Environmental lobby group accused of 'eco-snobbery'

A LEADING environmental lobby group was accused last night of “eco-snobbery” and “rank hypocrisy” after it refused to let an airport operator join its carbon reduction campaign.

The lobby group blocked a membership application by Manchester Airport The lobby group blocked a membership application by Manchester Airport

The group, 10:10, which encourages homes and businesses to cut emissions by 10 per cent by 2010, blocked a membership application by Manchester Airport bosses who had pledged to meet the group’s targets.

The operator, which also runs East Midlands, Humberside and Bournemouth Airports, said it wanted to sign up to the campaign to demonstrate its greener credentials.

However, within days of the request, it was told politely thanks, but no thanks.

In an email, activist Duncan Clark, a journalist at a left-wing newspaper that backs the campaign, said: “We've taken the view that airports won't be able to participate in 10:10.

“We don't think it's in the spirit of a campaign that directly encourages everyone to take fewer flights to have airports involved.

“We also need to be careful not to open ourselves up to criticism of greenwash from the wider environment movement.

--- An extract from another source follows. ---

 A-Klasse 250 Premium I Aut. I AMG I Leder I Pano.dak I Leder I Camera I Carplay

“In particular, we're concerned that allowing airports to sign up would give the impression that the aviation sector as a whole was making great strides on short-term emissions reductions, when in fact the airports represent only a tiny proportion of the emissions of that sector.”

Although 10:10 works with power generator EDF on the campaign, he added: “We feel that allowing airports to participate would be the equivalent of letting power station operators sign up for their office emissions without a parallel commitment on their far more substantial generation emissions.”

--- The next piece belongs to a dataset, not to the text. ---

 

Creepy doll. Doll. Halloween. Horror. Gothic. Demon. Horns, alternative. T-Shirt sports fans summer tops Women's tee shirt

Manchester Airport said it was “disappointed”, allowing aviation lobby group FlyingMatters to go more on the attack.

It branded the campaigners “eco-snobs” and their response as “the eco equivalent of political correctness gone mad”.

Its chairman Brian Wilson said: “If the 10:10 campaign were serious about making a difference it wouldn’t matter where the emission cuts came from, so long as they were made.”

He also pointed out that that 10:10’s leader, Franny Armstrong, the filmmaker whom London Mayor Boris Johnson saved from a mugging last week, flew to New York in September for the premiere of her film the Age of Stupid.

Mr Wilson added: “The response smacks of snobbery and rank hypocrisy.”

The campaign was launched at the Tate Modern gallery in London in September and has attracted the support of celebrities including Delia Smith, author Ian McEwan, actor Colin Firth and DJ Sara Cox, and a host of companies such as Tottenham Hotspur football club and EDF.

FlyingMatters’ new director Eugenie Harvey said: “Manchester Airport has ambitious expansion plans that will encourage people to fly more—it would have been incongruous of us to allow them to join.

“As for EDF, they have not signed up, we just work with them as a delivery partner. We wouldn’t let them sign up.”

Asked whether any of her group would be travelling to next month’s climate summit in Copenhagen, she said: “Yes, absolutely—but we’re going by sea and land, not flying.”